Actor, author, director and filmmaker J.J. Ruscella, M.F.A., assistant professor of theatre/acting and director of Shenandoah Conservatory’s new acting program, and his artistic colleagues are on a mission. That mission — and they choose to accept it — is to build the pre-eminent Sanford Meisner technique-based undergraduate acting program in the United States, and perhaps the world, to prepare professional working actors as versatile storytellers, adept at adapting their craft to any medium in any industry.
The new program, poised to become one of the top realism programs in the country, is built on the strengths of its eclectic, innovative faculty and the conservatory’s long-standing reputation as one of the top musical theater programs in the country. The curriculum integrates the realism of the Meisner technique — considered the next generation model for method acting and the preferred technique for film and television — with video and new media technologies to prepare graduates to get good-paying jobs and build working careers as professional actors. In addition to learning the skills for authentic acting, students also gain the knowledge needed to self-produce and promote themselves.
“We’re preparing professional actors to work — in live performance and across a wide range of media — as creative artists, not passively waiting around for the next job, but capable of creating their own art and their own opportunities,” said Ruscella.
The Meisner Technique
The Meisner technique is a behavior-based method, originally created and later refined by American theatre practitioner Sanford Meisner, who developed the approach after working with renowned acting coaches Lee Strasberg and Stella Adler at the Group Theatre. Meisner served as head of the acting program at New York City’s Neighborhood Playhouse founded in 1931. His approach taught that by reacting to the other people on stage, an actor’s performance would be more honest and, therefore, more interesting for the audience.
“When we tell a story, whether it’s onstage or in front of the camera, we’re hopefully expressing those apex moments of life, when we have our most profound experiences,” explained Ruscella. “For artists to convey that, they must learn to play themselves like an instrument, to know their chords — almost as if they were a trumpet. To play the notes well, they need to tap into an understanding of where to go to bring forth the truth of that experience.”
This step-by-step method, which takes several years to learn, introduces a series of interdependent training exercises that build on one another and emphasize in-the-moment authenticity. Through communication with other actors, students learn to generate behavior that is real rather than a pretense.

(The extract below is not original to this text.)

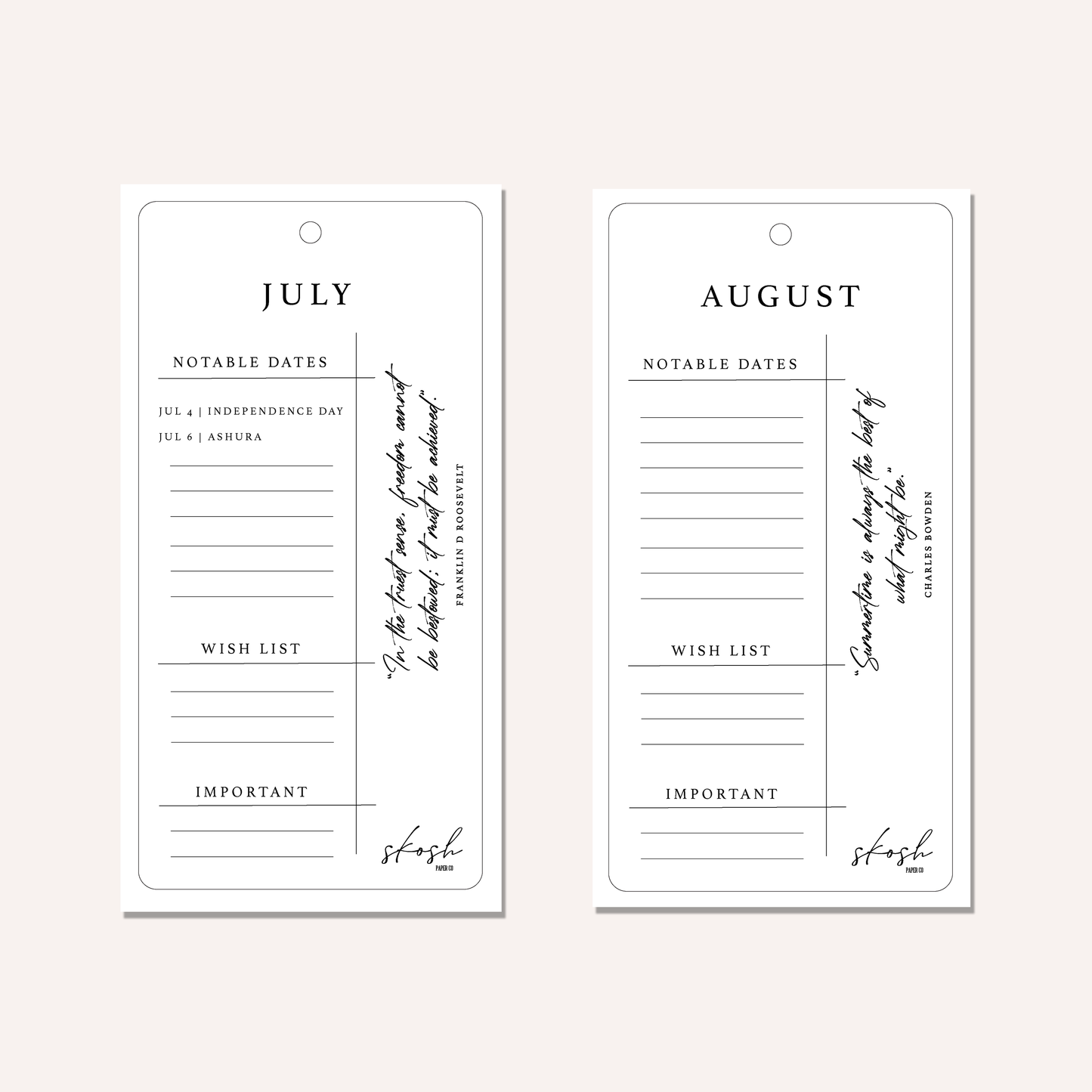 Monthly Hang Tag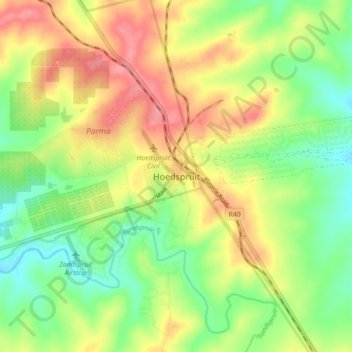 Hoedspruitの地形図、標高、地勢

‘Nuts and Bolts’ of the Program
“When young artists come to study with us, we treat them like novices,” explained Ruscella. “We teach them how to breathe and speak, as if they never knew how to breathe and speak before. In the second year, we treat them as apprentices. We teach them how to mold the clay. In their third year, they become journeymen. They begin to build and create very crafted performances, including Shakespearean and period pieces. In their junior year, they begin acting in front of the camera and might consider a semester of study abroad. By their senior year, we consider them adepts. They become members of a professional troupe, producing a touring show and making a feature film. In their last semester of their senior year, they take their show to a major metropolitan city.”
In addition to training students how to use and perform in front of a camera, students also interact with casting directors across various entertainment genres from New York City, Los Angeles and Washington, D.C., who visit campus to observe and give professional advice as students develop their professional portfolios.
“Our goal is to build Goliaths — actors who are powerful, courageous, confident and whole,” Ruscella explained.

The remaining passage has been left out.